The coffee shop was busy, buzzing almost, with lots of people sitting around in groups. I tried to step up to meet the challenge of the clamour, the amiability and chatter by describing what I saw and heard, such as the group of young men sitting at a low table near us talking about clothes, before lowering their voices and moving in closer to discuss, no doubt more intimate issues.
All the while, the man with the beard and luscious brogue kept, surreptitiously, taking a drag from his vape pipe. A group of students occupied the big table with more and more turning up to join them. They looked earnest and keen.
I became a little fixated in trying to capture one of them in a huge, patterned jumper.
Prior to their arrival the effete man and his wife had sat on the end of the same table. She seemed distracted and sad again and he sipped his green tea saying little.
I endeavoured to show something of their interaction but oftentimes other details are lost – such as her face, I can’t get it. She’s far more elegant than I portray her.

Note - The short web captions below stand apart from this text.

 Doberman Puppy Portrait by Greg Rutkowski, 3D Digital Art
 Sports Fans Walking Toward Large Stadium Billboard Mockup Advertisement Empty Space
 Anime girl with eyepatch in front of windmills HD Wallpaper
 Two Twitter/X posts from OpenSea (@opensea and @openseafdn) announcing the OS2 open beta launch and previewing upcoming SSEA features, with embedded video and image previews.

Sunday also brought groups and couples.
Such as the two women who sat on the table next to ours (they were joined by their partners later). They both had remarkably yellow faces, one it appeared from exposure to sun or sunbeds, and the other possibly because she wasn’t well, her eyes being very puffed up. Or there was the man with mental health issues, who the day before had launched into a long conversation with us. We were both delighted by his transformation. He came in both days with one of his friends, a very, very tall girl.
His Christmas jumper this week was a parade of penguins. They didn’t talk much but when they did she made him laugh. There was also the couple who came on the Sunday taking the table vacated by the yellow-faced women. I’d drawn him in the queue, fascinated by the rubbery lean of his gait.
She had red-hair that had been sternly pulled back off her face. When he eventually joined her with coffee and two brownies, they ate in silence. He ate fast (I watched his jaw moving) as did she, and their conversation was virtually non-existent.
The regulars were in, of course. The man who read his phone and the small, rotund chap who I think I shall call Dylan Thomas who returns again and again for his ‘robbo-cinos’.
I watch him a lot trying to get his stance and features correct. He makes an effort chatting with the staff and they clearly like him but there is a hint of melancholy about him when he stands unattended to in the queue. The rest were strangers who excited me by their unusual bodily leanings (so often people cross their arms when queueing) or attire or behaviour.
The world was there and I loved it.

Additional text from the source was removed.